Retype exactly the span of lines below from the one with "Cast-resin Chanukah menorah" through the one with "Chefchaouen, Morocco - Retro". Do not include pictures.
──────── Available data
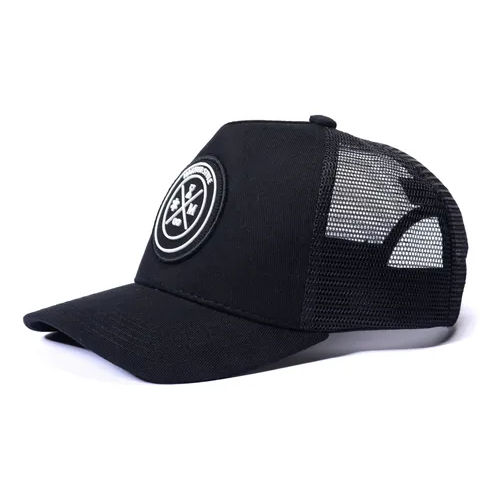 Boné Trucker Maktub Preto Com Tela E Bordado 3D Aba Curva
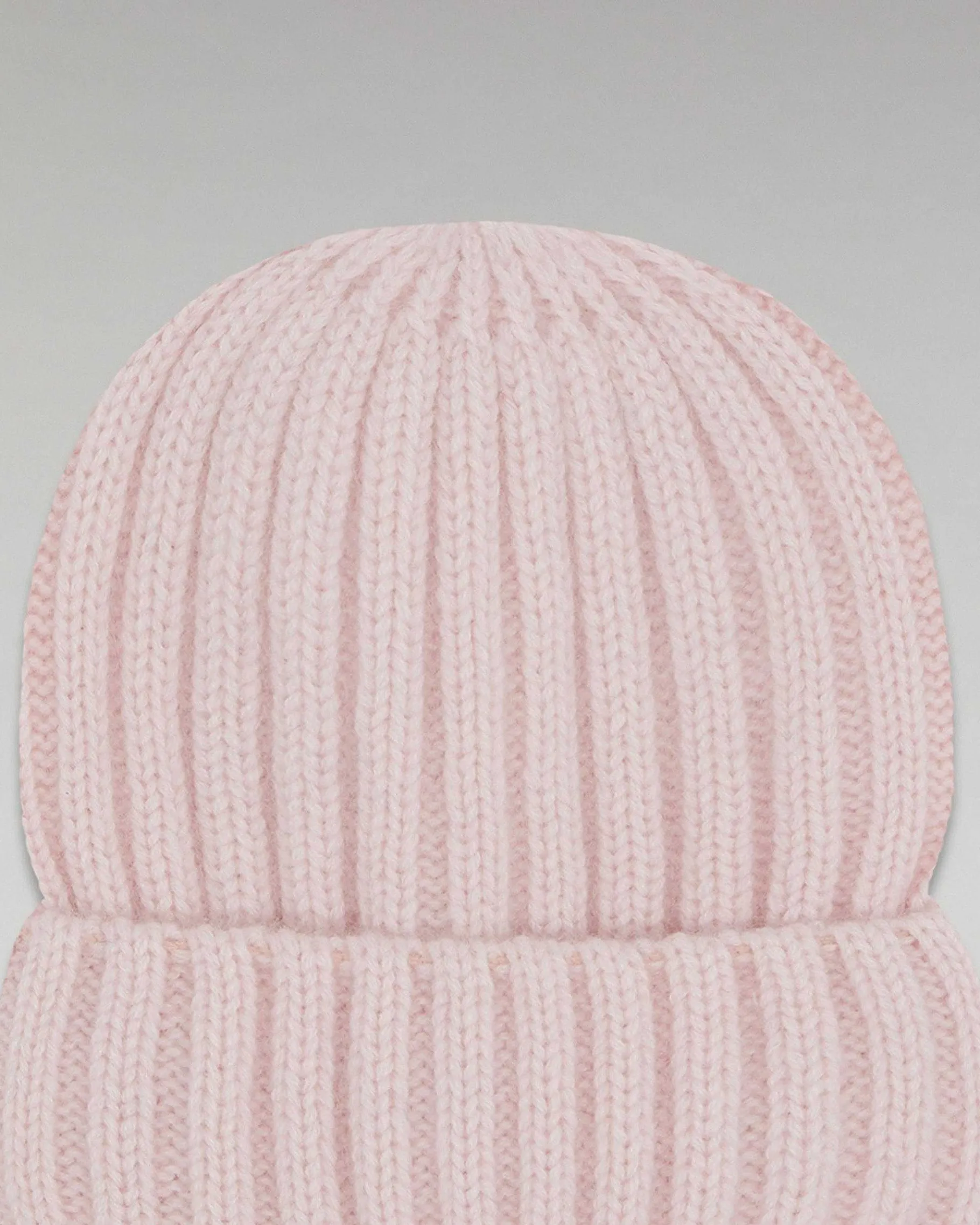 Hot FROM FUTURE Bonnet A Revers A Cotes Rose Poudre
────────────────
──────── Available data
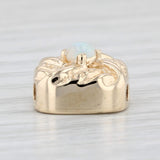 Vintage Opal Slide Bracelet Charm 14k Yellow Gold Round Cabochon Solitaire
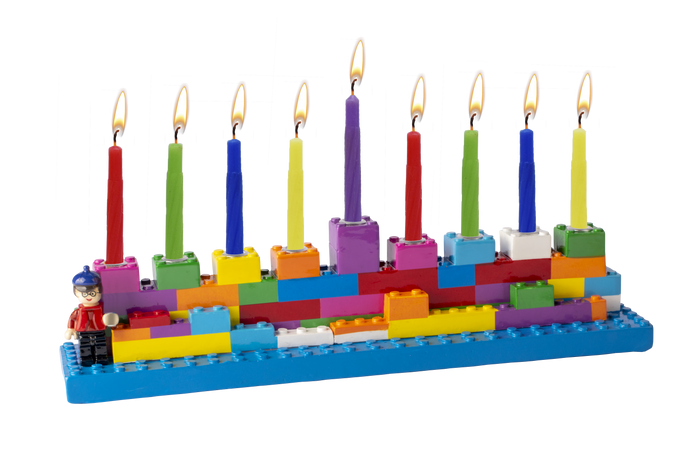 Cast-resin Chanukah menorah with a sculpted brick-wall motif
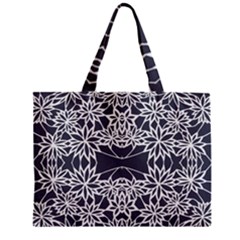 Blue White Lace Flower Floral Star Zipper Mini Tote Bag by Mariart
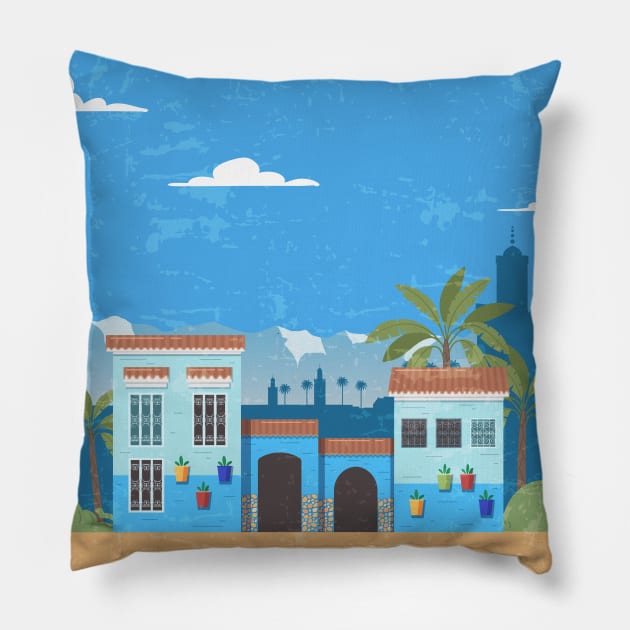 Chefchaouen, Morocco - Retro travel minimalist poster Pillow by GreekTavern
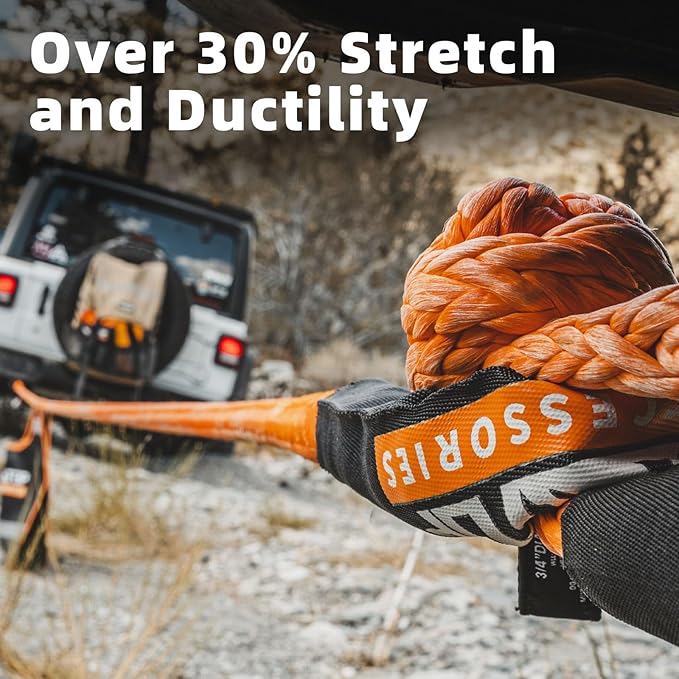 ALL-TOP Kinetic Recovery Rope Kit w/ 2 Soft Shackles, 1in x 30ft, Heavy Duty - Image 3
────────────────
──────── Available data
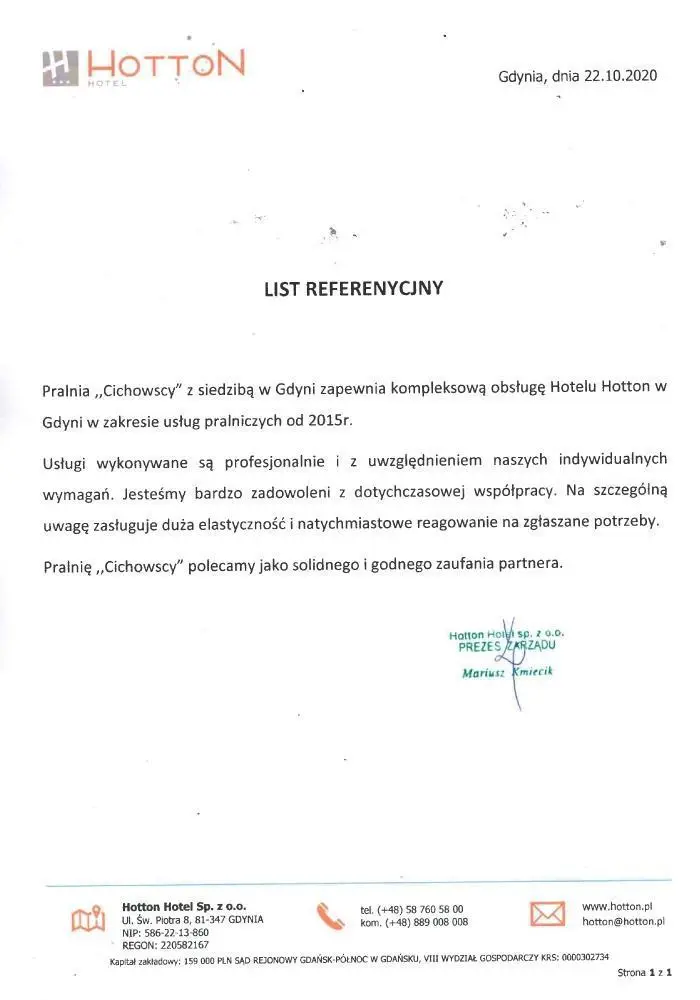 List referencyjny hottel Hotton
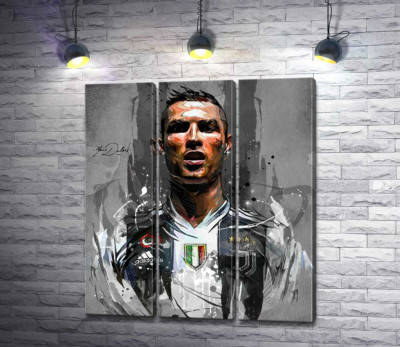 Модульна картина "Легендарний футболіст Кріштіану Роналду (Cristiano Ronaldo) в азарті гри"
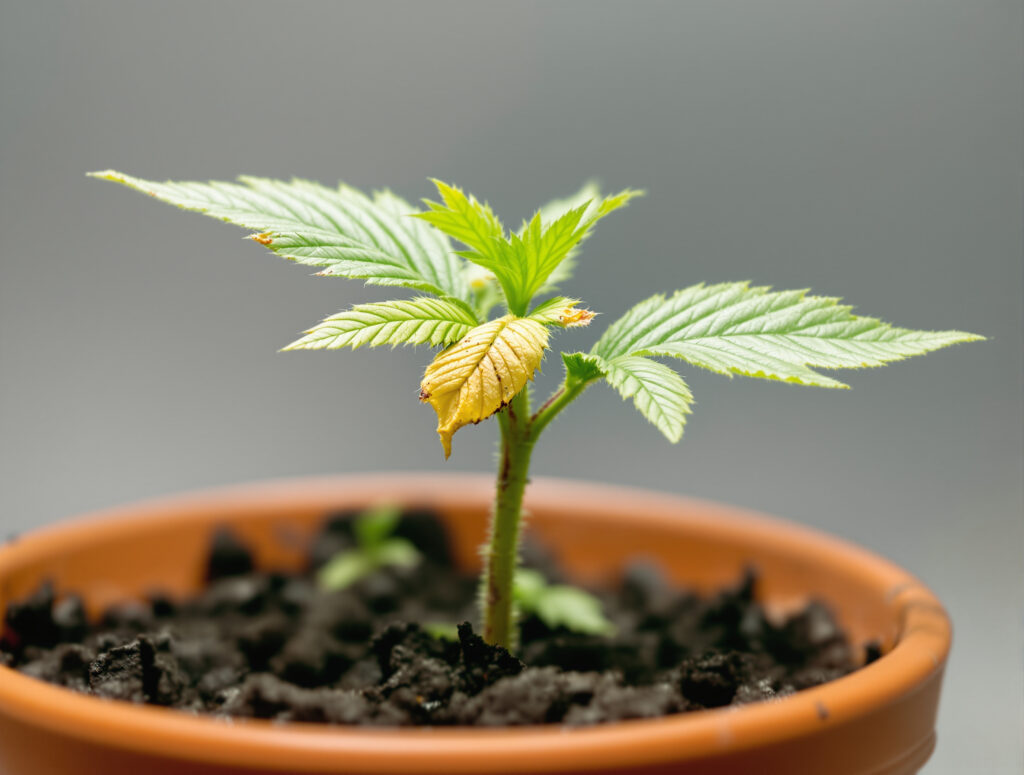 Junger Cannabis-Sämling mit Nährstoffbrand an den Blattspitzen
────────────────
Exercise response.
 Cast-resin Chanukah menorah with a sculpted brick-wall motif
 Blue White Lace Flower Floral Star Zipper Mini Tote Bag by Mariart
 Chefchaouen, Morocco - Retro travel minimalist poster Pillow by GreekTavern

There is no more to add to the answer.